--spoiler--
ben sevdim eller aldı
niye ben ölmüş müyem
--spoiler--
çünkü çok sevmek tek başına yetmiyor artık. bugün bir belgeselde ruanda'da hamile bir kadını gösteriyordu. daha doğrusu belgeselin konusu ruanda'da 260 doğumdan birinin anne ölümüyle sonuçlanmasıydı. neyse işte, konuyu bir çift üzerinden anlatıyorlardı. o topraktan yapılmış 2 odalı kötü evde, muhtemelen belgesele çıkacakları için de en iyi kıyafetlerini giymişlerdi ama o bile bize göre fazla kötüydü. ona rağmen o mutlulukları, o kadının eşinin gömleğini aşkla düzeltmesi, adamın eşine bakışları inanılmaz güzeldi. oysa her an hastalıkla, silahlı bir saldırıyla veya başka şekillerde ölümle burun burunalar ve hiçbir şeyleri de yok ama yine de kıskandım.
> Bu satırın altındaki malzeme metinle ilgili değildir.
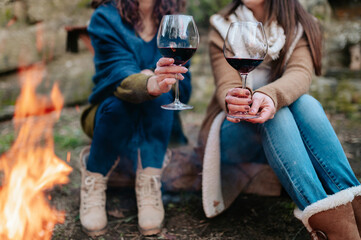 Close-up glass of red wine with unrecognizable women on background next to bonfire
Şarkı olarak ayrıdır yeri ama tribünde herkesin bildiği, ilk öğrendiği bestedir. Şehit Abdülkerim Bayraktar ve kardeşi Rahmetli Fehmizat abi tarafından yazılmıştır. Net söylüyorum ki, Liverpool'un you'll never walk alone'u ile kafa kafaya gider.
Odam kireçtir benim yüzüm güleçtir benim. Soyun da gir koynuma terim ilaçtır benim sözlerine sahip şarkı.
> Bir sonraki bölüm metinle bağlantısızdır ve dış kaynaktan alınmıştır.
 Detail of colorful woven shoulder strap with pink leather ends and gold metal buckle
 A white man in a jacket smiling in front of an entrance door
Bağlamayla çalınınca şarkının güzelliği ortaya çıkıyor ne kadar tarzım olmasa da.
Kireç ter bilmemne olunca şarkıda zülfü Livaneli'yi amele gibi canlandırıyorum hep kafamda. çimento karıyo odada terliyor atleti falan sonra sevişiyorlar kızla, ne bileyim pek duygusal gelmiyor bu şarkı bana.